The sensor dust issue evidently is one that requires consideration with
DSLRs. 
There's another option that some LUG members take.
You can use a 21MP analog, non-crop factored, non-proprietary renewable
sensor surface and blow the dust off before you scan ;-)

I think that Olympus should best be remembered for birthing the OM cameras,
for their innovation, form factor, OTF metering, bright finders etc etc

Recidivist Hoppy

My 2.7 c worth at today's exchange rate.
------------------------------

Message: 5
Date: Mon, 19 Jun 2006 14:05:47 -0400
From: "B. D. Colen" <bdcolen@comcast.net>
Subject: Re: [Leica] 4/3 question
To: Leica Users Group <lug@leica-users.org>
Message-ID: <C0BC5FBB.12205%bdcolen@comcast.net>
Content-Type: text/plain;       charset="US-ASCII"

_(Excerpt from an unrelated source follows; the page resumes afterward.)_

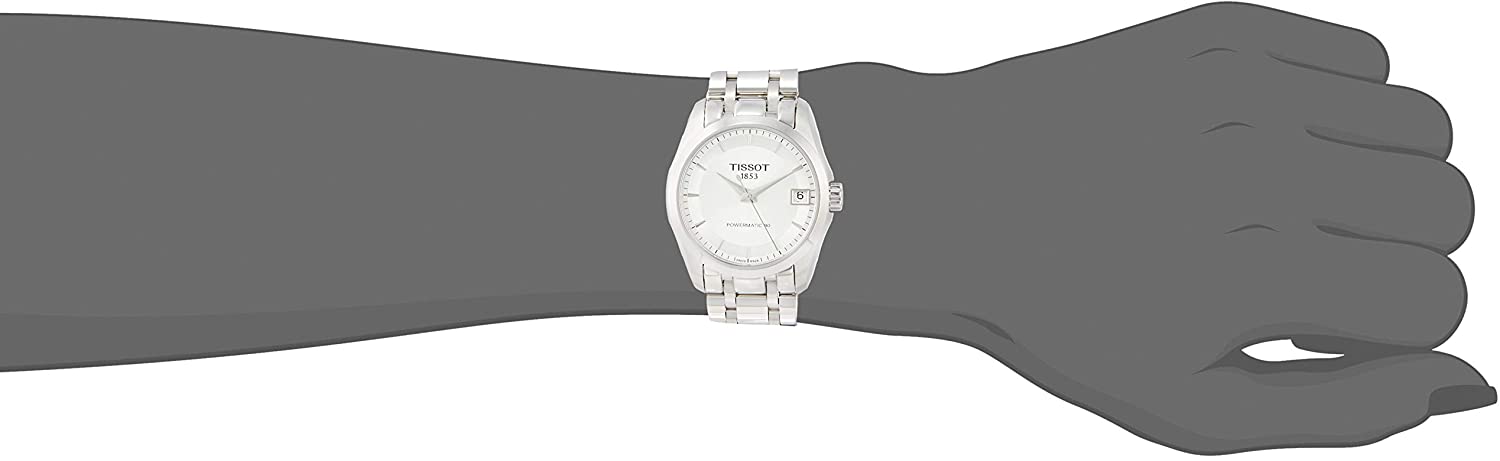 Tissot Couturier Powermatic 80 Automatic Ladies Watch T035.207.11.031.00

When all is said and done, Olympus will probably be remembered for one
contribution to the digital revolution, and that is the self-cleaning
sensor; it really, really works. I don't pay any more attention to where I
put my digital bodies, where I change lenses, or in any way baby them any
more than I did my Ms or film Nikons. And in all the time I've now been
using the E-1, I have had a total of one image which has a sensor dust spot
on it. I didn't clean the sensor after that, because the next time I turned
the camera on, the spot disappeared.

On 6/19/06 12:36 PM, "Daniel Ridings" <dlridings@gmail.com> wrote:

> I've had it happen, no doubt about that, but not nearly as much as I
> feared. That is all I was saying.
> 
> I did notice it the first time when I was at the coast with a vast
> section of the photography monotonic ... sea and sky went together.
> 
> I am fairly paranoid about how I handle the camera. When not in use, I
> keep it in a plastic bag, not a dusty Domke. It's being used most of
> the time though, so it is out in the open a lot.
> 
> So far I've been able to blow the dust off. I dread the day when the
> build up of static electricity makes that impossible.
> 
> Daniel
> 
> 
> On 6/19/06, Lottermoser George <imagist3@mac.com> wrote:
>> Daniel and Jayanand - I believe that if either one of you actually
>> photograph a cloudless sky or blank piece of paper (to medium gray)
>> you will see the evidence of dust on your sensors. Give it a try and
>> let me know. It's a very real issue with medium gray areas without
>> detail. Sometimes you have to blow up the image a bit to see the
>> effects.
>> 
>> Regards,
>> George Lottermoser
>> george@imagist.com
>> 
>> 
>> 
>> On Jun 18, 2006, at 1:09 AM, Daniel Ridings wrote:
>> 
>>> It is a wee bit over exaggerated, Jayanand, but it exists. It happened
>>> to me once with my D100, but it came off easily with a standard
>>> rubber-bulb blower.
>>> 
>>> On 6/18/06, Jayanand Govindaraj <jgovindaraj@eth.net> wrote:
>>>> I have the Nikon D70, live in an atrociously dusty environment,
>>>> change
>>>> lenses quite frequently, and I have not had to clean the sensor
>>>> either!!
>>>> I think this problem is a wee bit overdone.
>>>> Cheers
>>>> Jayanand
>>>> Chennai, India
>> 
>> 
>



Replies: Reply from nickbroberts at yahoo.co.uk (Nick Roberts) ([Leica] RE: Re: 4/3 question (B. D. Colen))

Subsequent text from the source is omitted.